“And it is all right with you what’s happened,” asked Reuben. “That they used the Chrism to save your life, and that you’re now one of us.”

  “Didn’t I just say that it was?” asked Phil.

  “Can I be blamed for asking a question like that twice?” asked Reuben.

  “No, of course not,” said Phil gently. He sat back and looked at Reuben with the saddest smile. “You are so young, and so naïve and so truly good of heart,” he said.

  “Am I? I always wanted you with us!” Reuben whispered.

  “I knew what I was doing when I came here,” said Phil.

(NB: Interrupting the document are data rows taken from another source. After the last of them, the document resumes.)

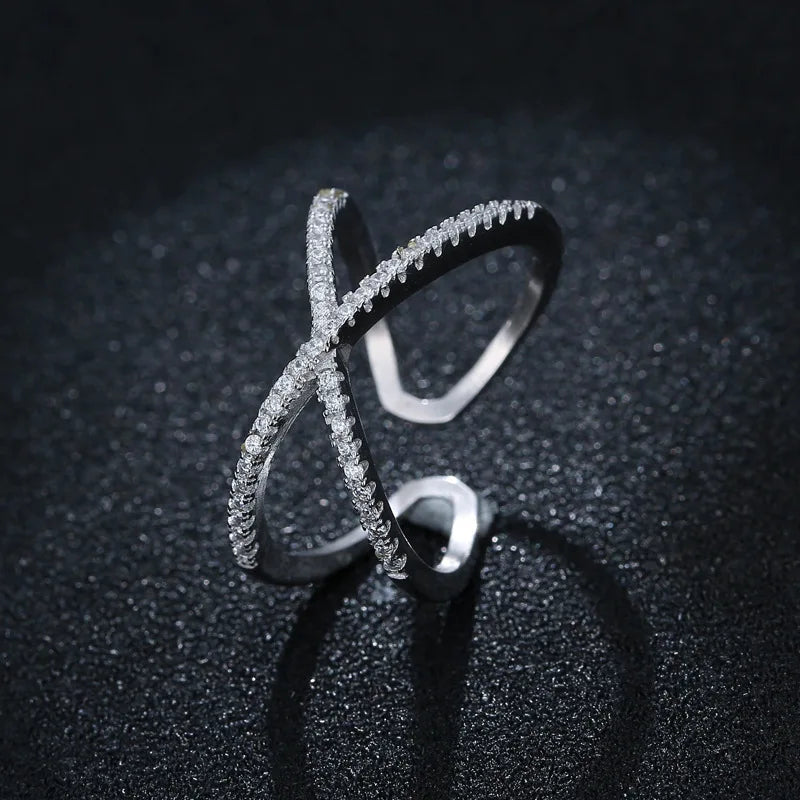 925 Pure Silver Opening Ring Temperament Geometric Diamond Ring Pure Silver Jewelry Wholesale 2022 New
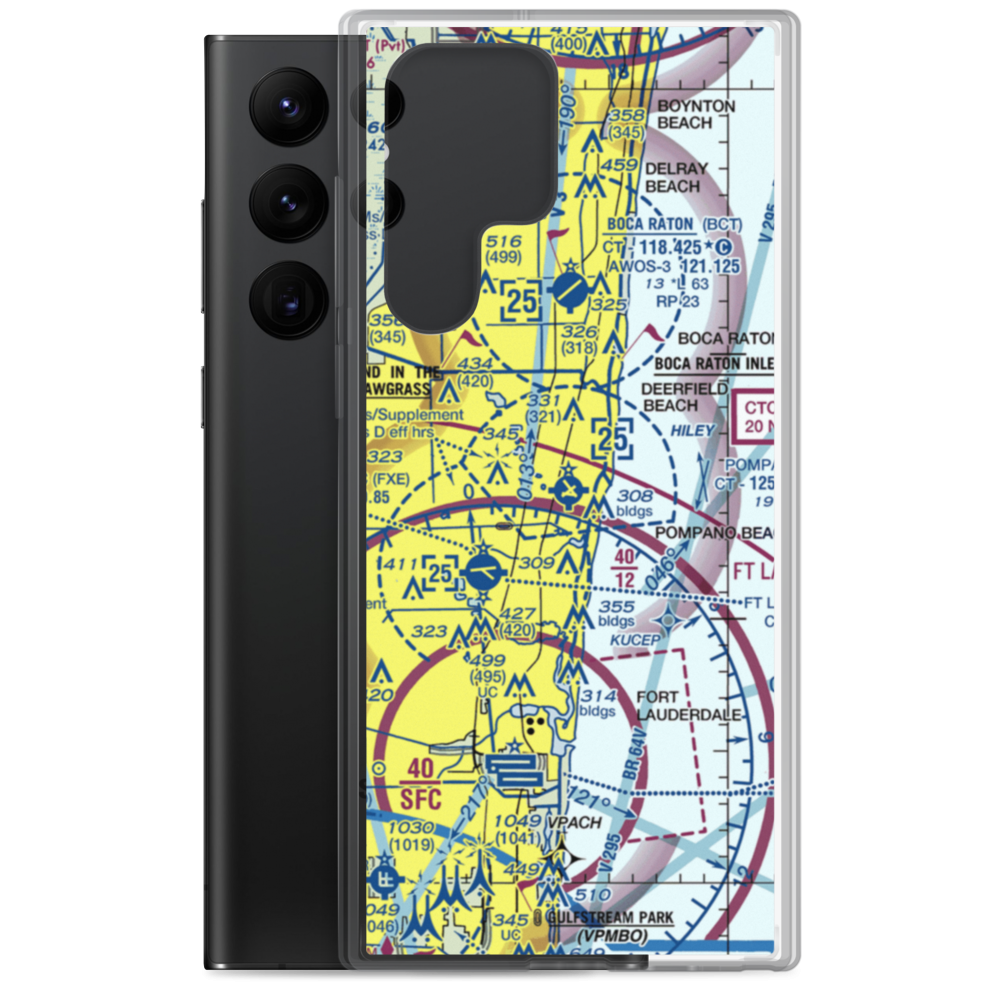 Pompano Beach Airpark (PMP) VFR Sectional Samsung Case Samsung Galaxy S22 Ultra model shown
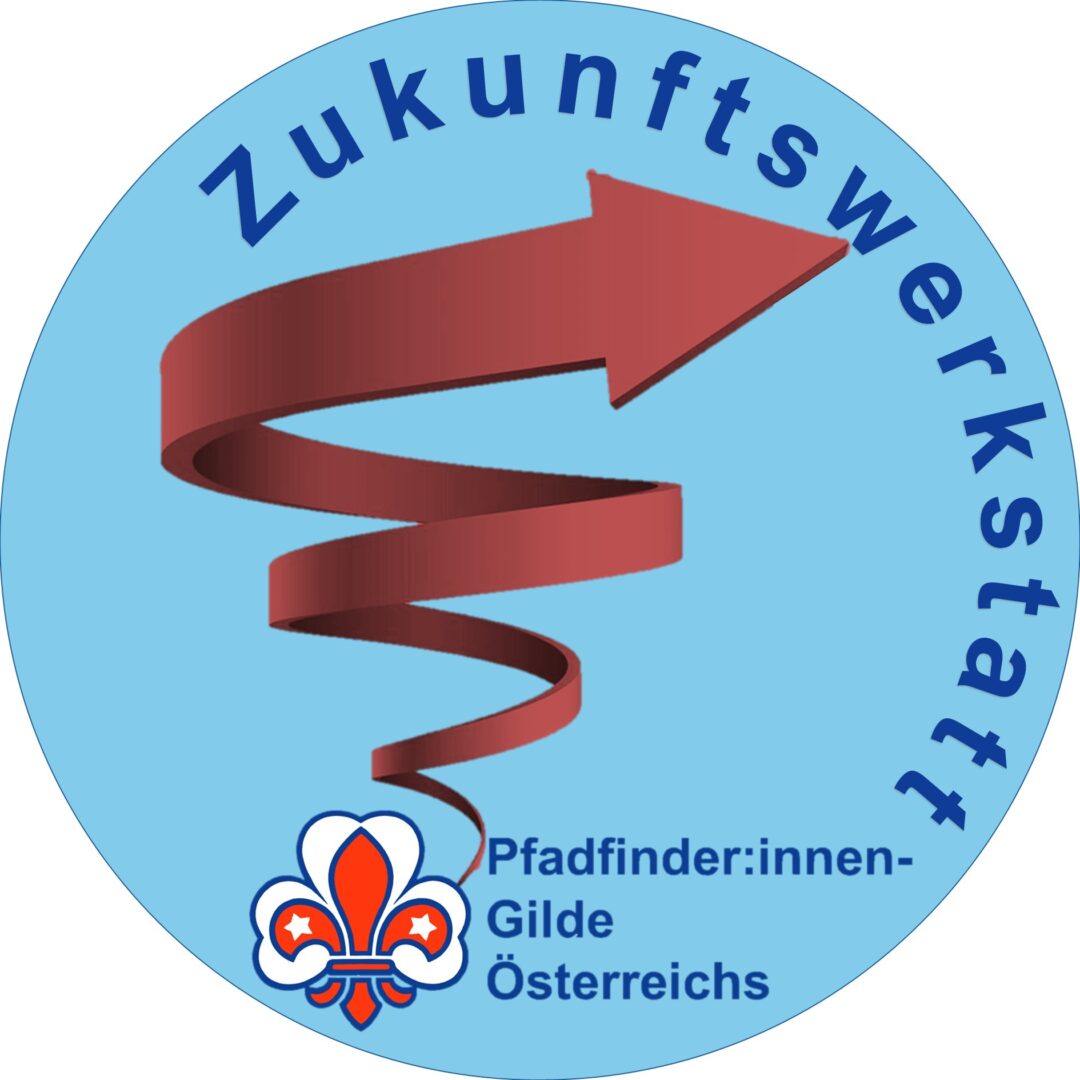 Logo der Zukunftswerkstatt, Spirale in Weinrot. Gestaltung: Andreas Schefzig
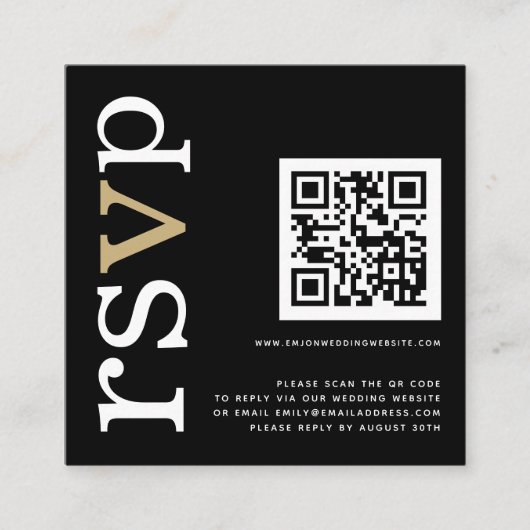 QR-code Gold White Text Black Weddenschap Online R Informatiekaartje (Voorkant)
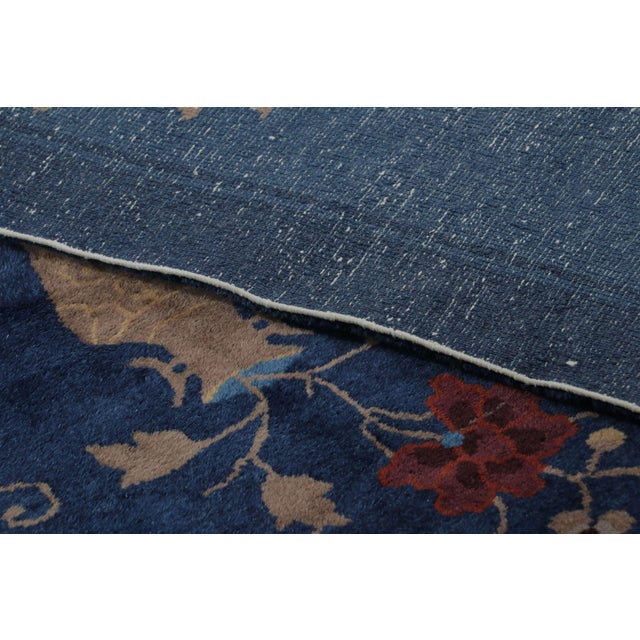 Textile Antique Chinese Art Deco Rug in Blue and Red With Floral Patterns - Rug & Kilim For Sale - Image 7 of 7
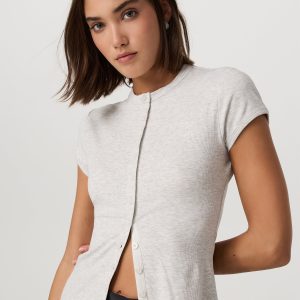 Short Sleeve Pose Button Up | White Heather Grey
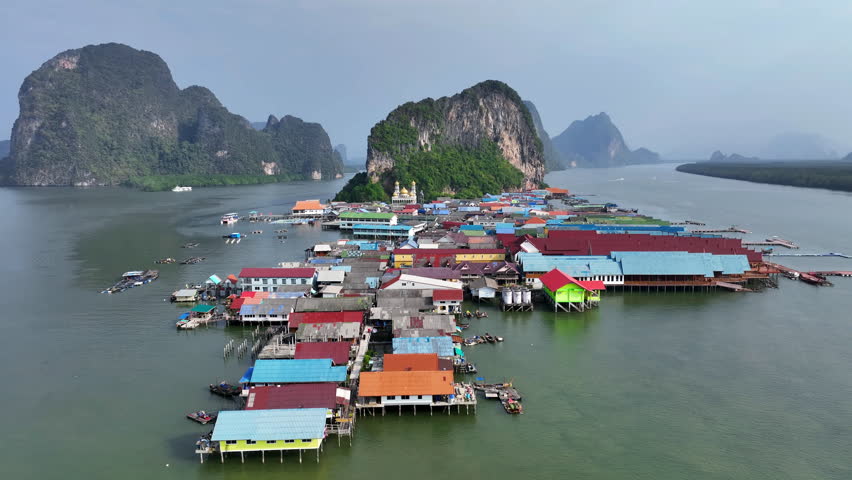 Aerial view of Panyee island in Phang Nga, Thailand.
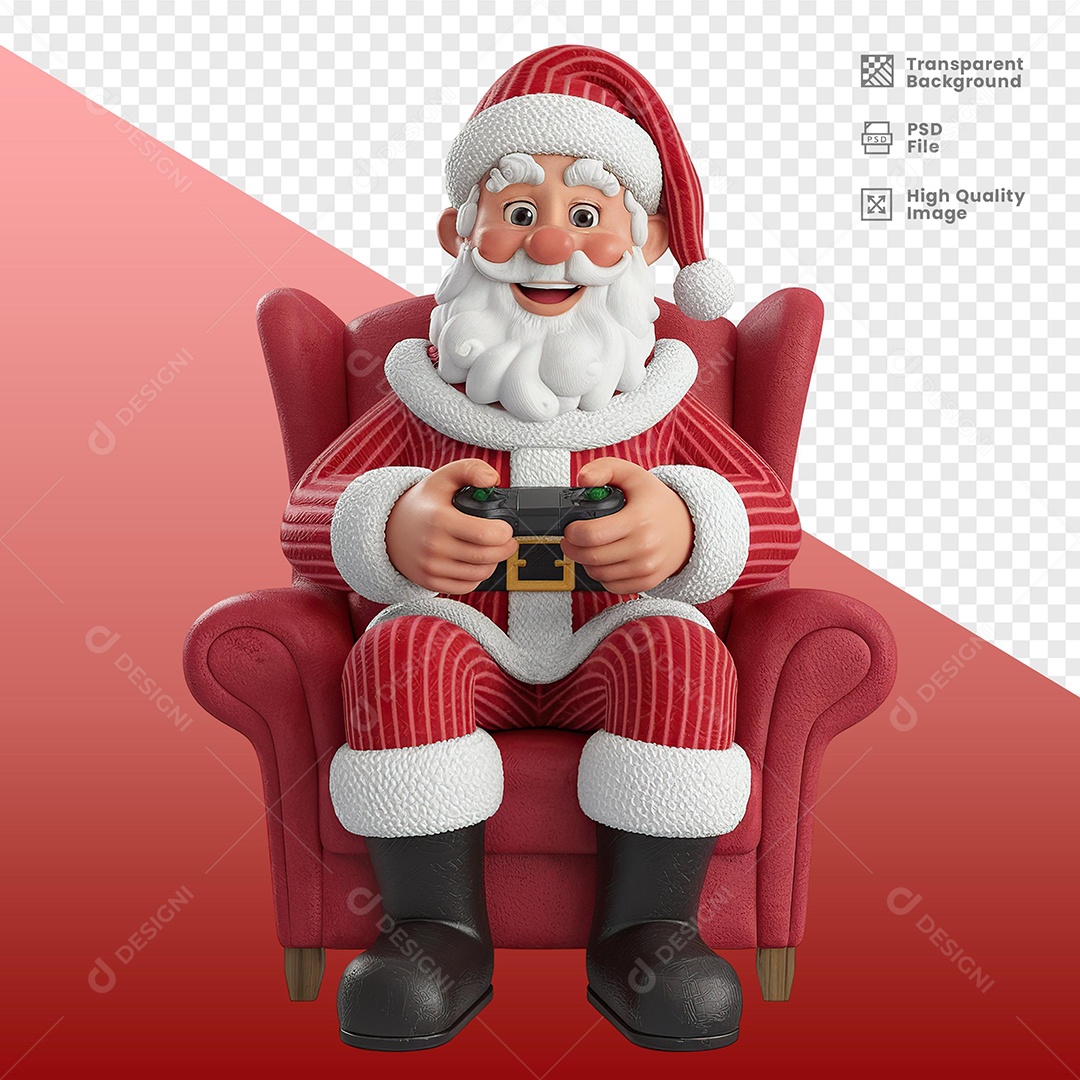 Papai Noel Jogando Video Game Elemento 3D Para Composição PSD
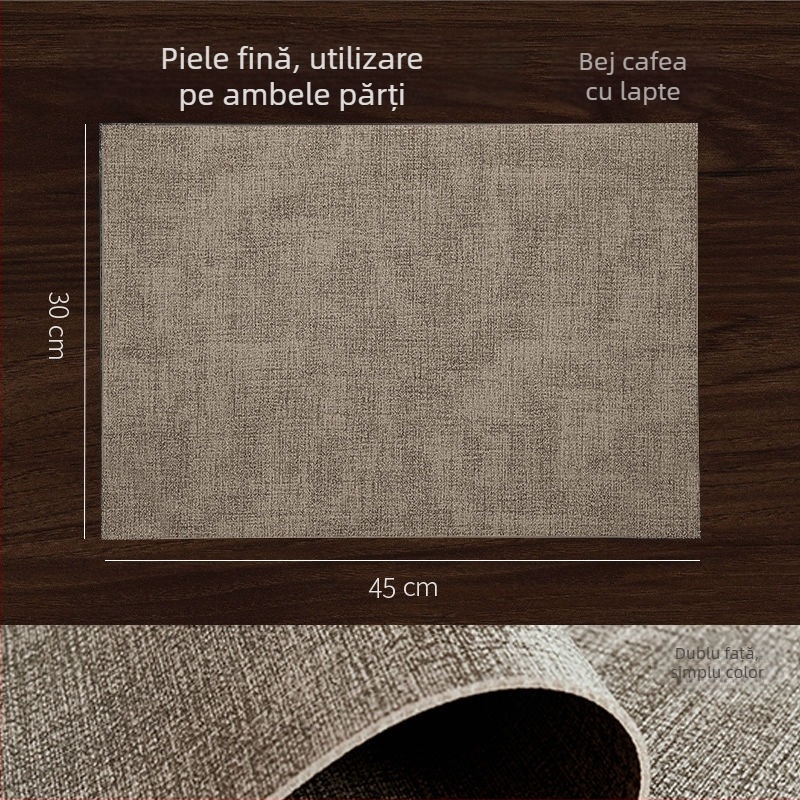 Față de masă din in, dreptunghiular, stil Nou Chinezesc, antiderapant, rezistent la căldură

  “How could you have really known?”

  “It wasn’t the mystery that drew me,” Phil explained. “It wasn’t mad speculation as to whether these friends of yours really had the secret of living forever. Oh, I knew there was a possibility of that, yes. I’d been putting it together for some time, just as your mother had. It wasn’t only the picture in the library, or the unusual personalities of the men who were living with you. It wasn’t just their curious anachronistic speech, or the odd points of view they hold. Hell, you’ve always had a way of speaking that made us joke about your being a little changeling.” He shook his head. “So it wasn’t all that surprising that you’d cultivate some group of otherworldly friends who sounded as strange as you sometimes sound. No, it’s overwhelming and irresistible, surely, immortality. It is. But I don’t know that I quite believed that part of it all. I don’t know that I believe it now. It’s easier to believe that a human being can turn into a beast than it is to believe he’ll live forever.”

  “I understand that perfectly,” said Reuben. “I feel exactly that way, myself.”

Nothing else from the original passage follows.